KENDRICK LAMAR @ GREEN STAGE

事前には本当に客が入るのかなどと不安視されていた今回の Kendrick 。前回出演の2013年のフジには自分は行けなかったのですが、ホワイトステージはやや寂しい客入りだったと聞きます。しかしそれから瞬く間に全世界をノックアウトしヒップホップゲームの頂点に君臨した彼を絶好のタイミングで見ることができる、ということでグリーンステージはほぼ満杯となっていました。

内容は昨年から続いている「THE DAMN. TOUR」の一環、終盤戦ということですでに出来上がった完成品を披露する形だったかと思います。Kendrick 扮する格闘家 Kung-Fu Kenny が修行のために世界中を旅しながら様々なハプニングに襲われるというアクション映画仕立ての映像が挟まれるコンセプチュアルな流れ。惜しみない特効やダンサー、ステージ両脇に配置したバックバンドによる重低音、そういった助力がありながらも、やはり第一にケンドリックの存在感が圧倒的でした。広いステージの中央に MC がたった一人。その堂々たる佇まい、一挙手一投足の洗練されたパフォーマンス、数万のオーディエンスを余裕綽々でアジテートするカリスマ性は、もはや同じ人間とは思えない規格外のオーラを発していました。オープナー「DNA.」で即座にこめかみに重い一発を食らった心地になり、「Backseat Freestyle」のダークな殺気に背中から痺れさせられ、「LOYALTY.」の甘美なムードで酔いが回り、終盤「Bitch, Don't Kill My Vibe」「Alright」「HUMBLE.」の代表曲畳み掛けに至っては何をかいわんや。

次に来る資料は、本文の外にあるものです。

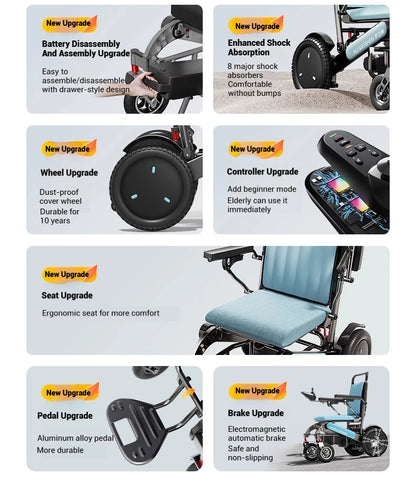 Fauteuil roulant électrique léger et pliable, Intelligent, entièrement automatique, haut de gamme, pour personnes âgées, mobilité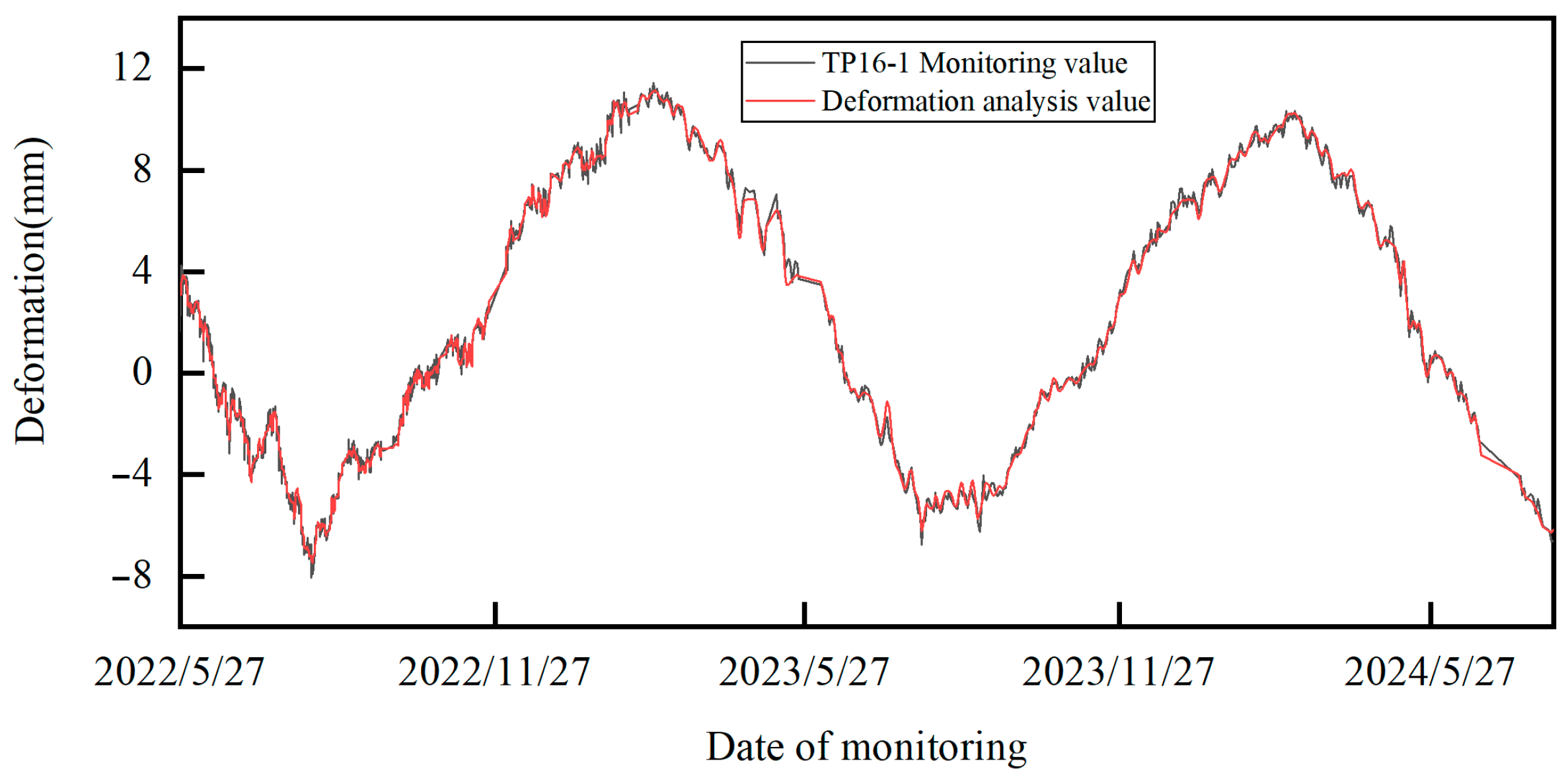 Infrastructures 10 00170 g012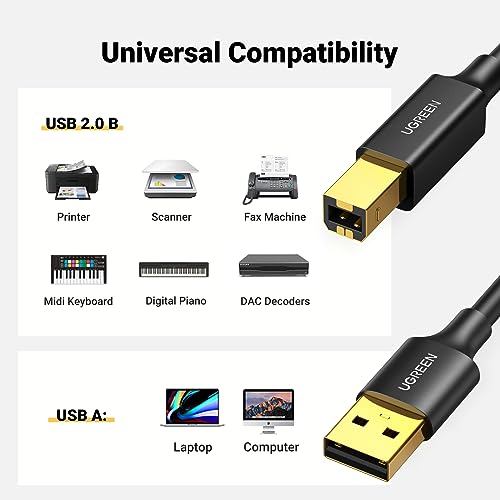 UGREEN USB Printer Cable - USB A to B Cable, High-Speed Printer Cord Compatible with Hp, Canon, Brother, Samsung, Dell, Epson,Xerox, Piano, Dac, and More 6.6 FT - size: 6.6 FT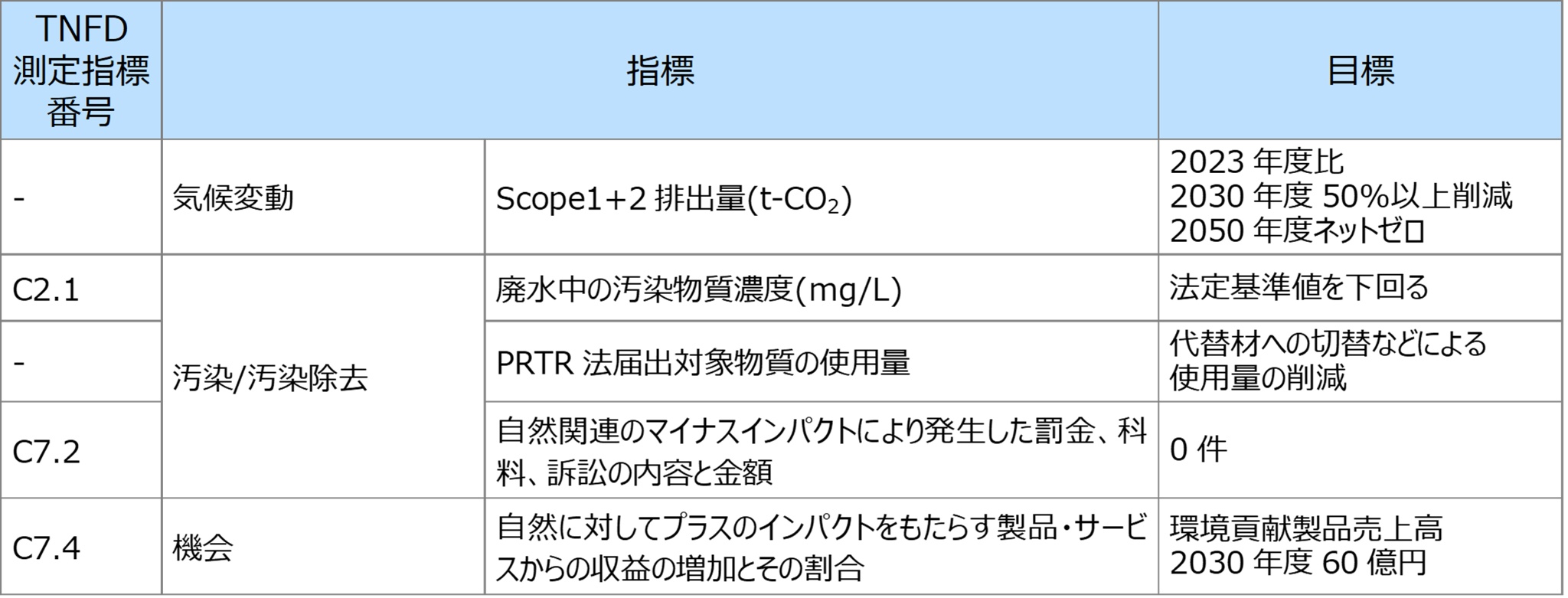 TNFD測定指標番号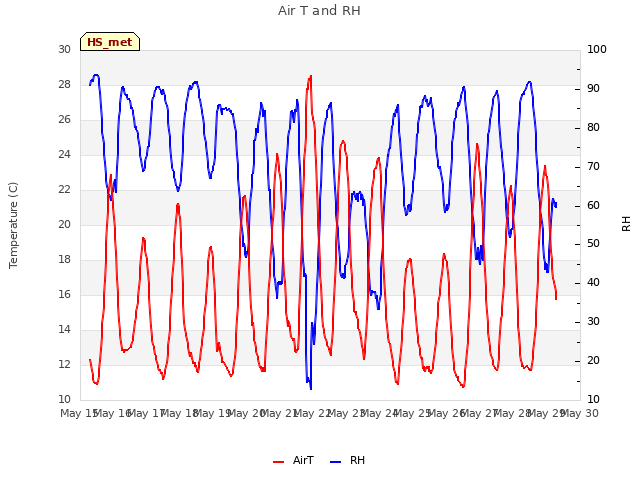 plot of Air T and RH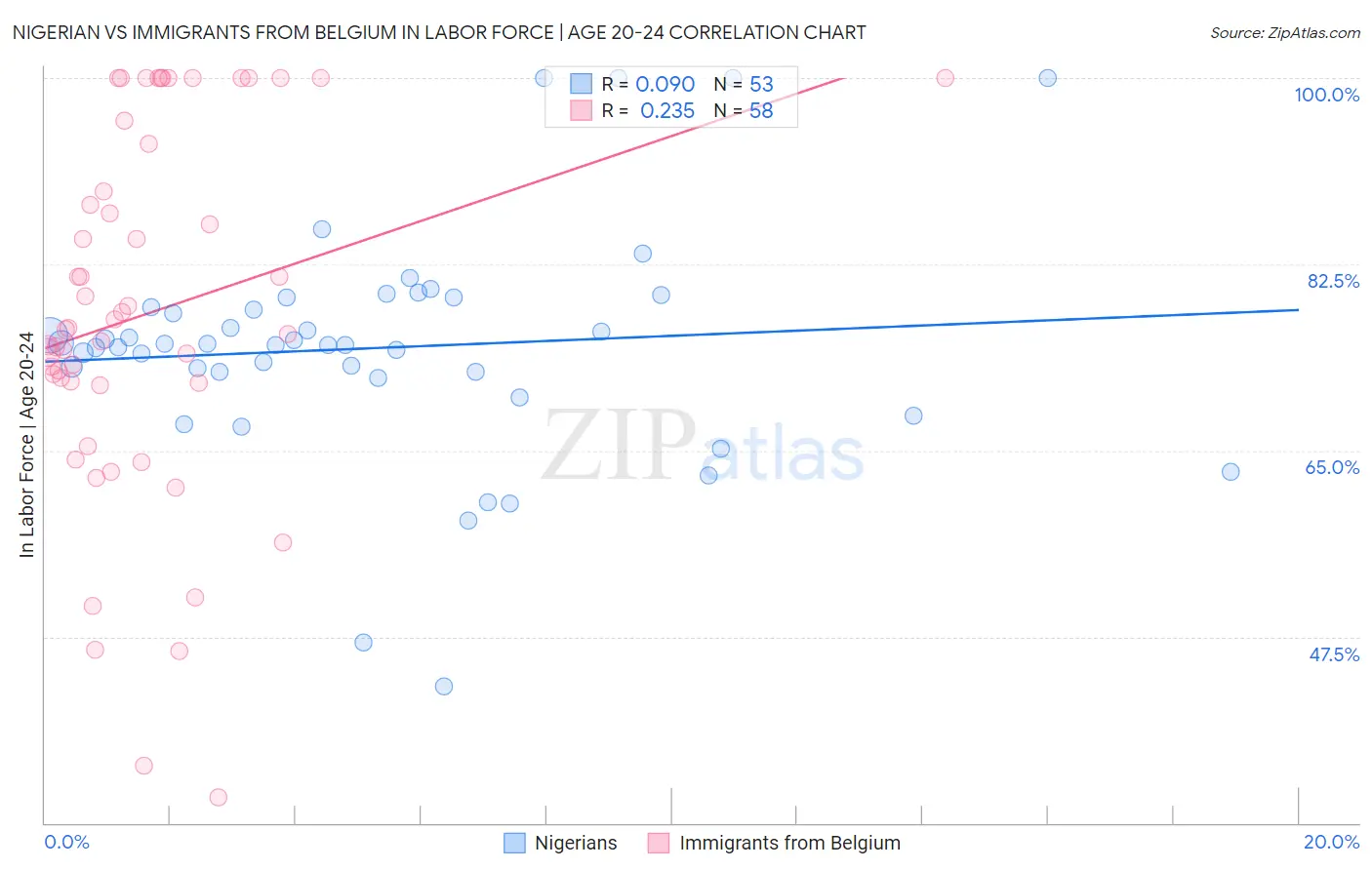 Nigerian vs Immigrants from Belgium In Labor Force | Age 20-24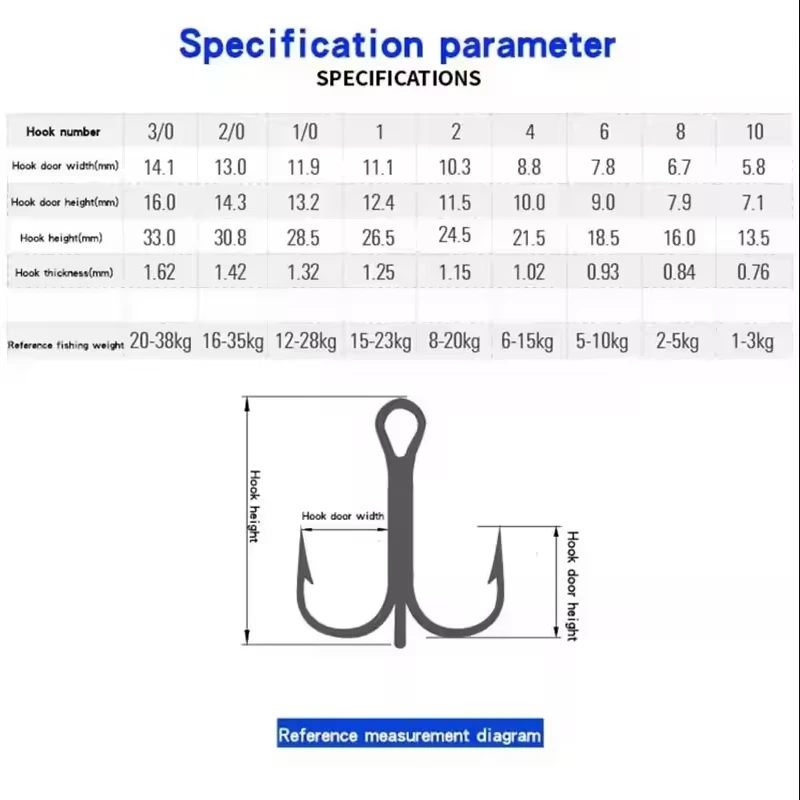 Mustad Hook TR78NP-BN Fondo redondo Doble fuerte Tres ganchos Grueso de alta resistencia Tres ganchos de anclaje Gancho de carretera - imagen 5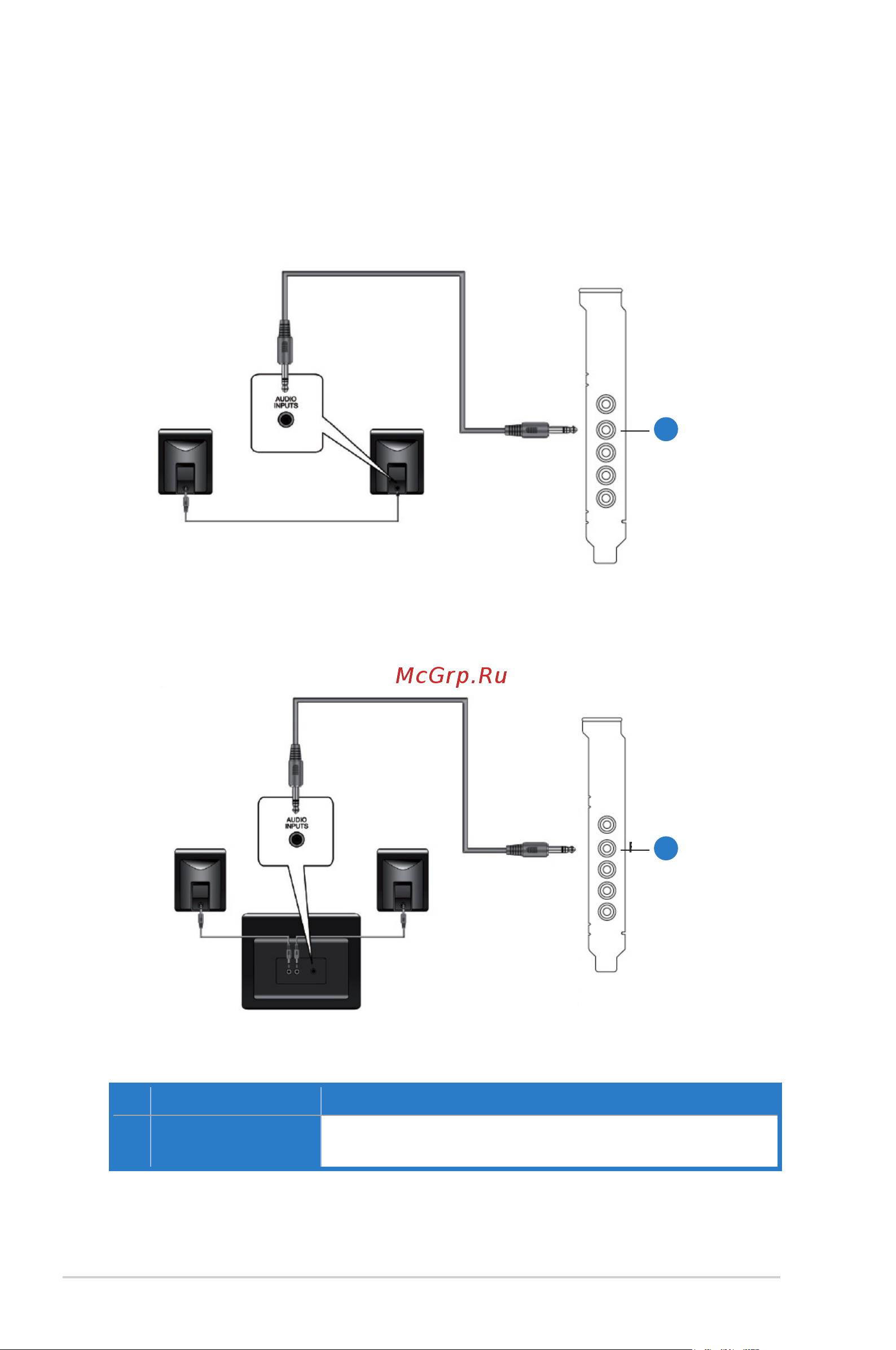 Asus Xonar D1 [20/72] Connecting 2 2 channel speakers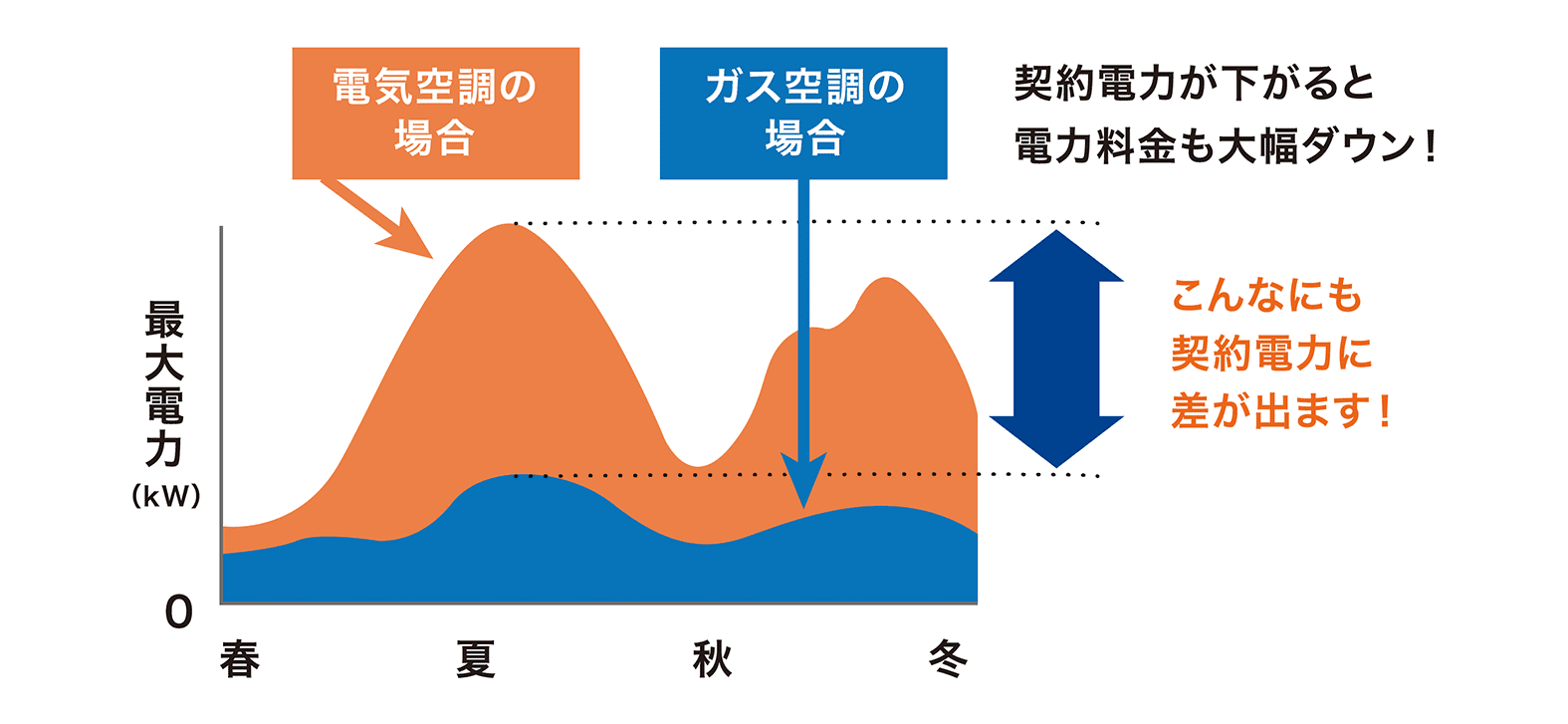 節電対策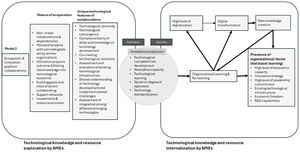 Ecosystem and innovation platform-based collaborations.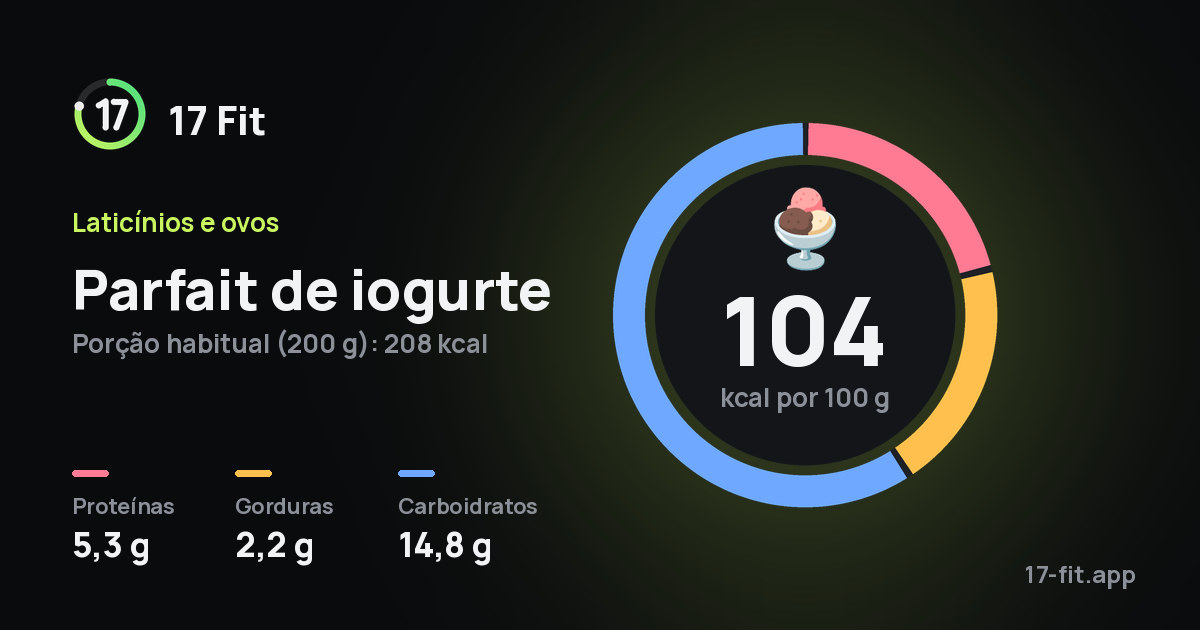 Parfait de iogurte: 104 kcal por 100 g, proteínas 5,3 g, gorduras 2,2 g, carboidratos 14,8 g.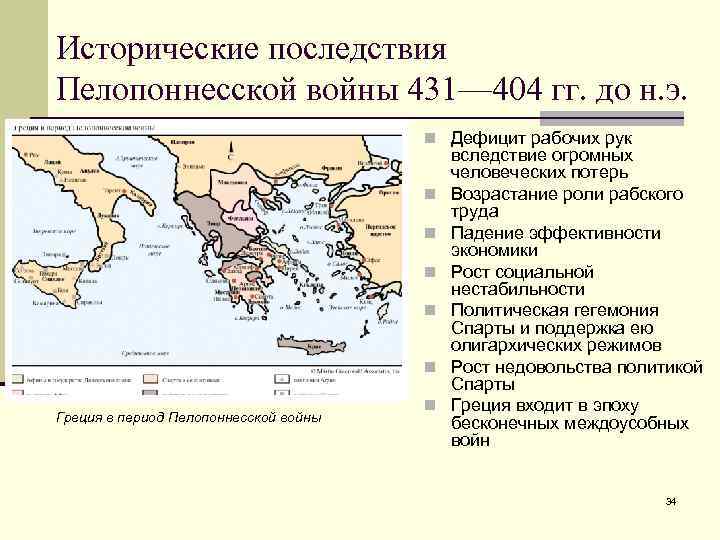 Исторические последствия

もうこの本編の時点で十二分に満足していたのですが、アンコールで披露された「All the Stars」では観客に携帯などのライトを掲げさせ、グリーンステージ一面に星の海のような光景が広がり、ちょうど楽曲の世界観を綺麗に再現していたのには感動以外の言葉が無かった。この瞬間に立ち会えただけでも嵐の中で耐えた甲斐があったというもの。こんなビッグスターがアタマ張ってるんだからそりゃヒップホップが天下取るわという感じで、彼の魅力を直に感じ取れた貴重な一時でした。


ということで2日目のベストアクトは X JAPAN です。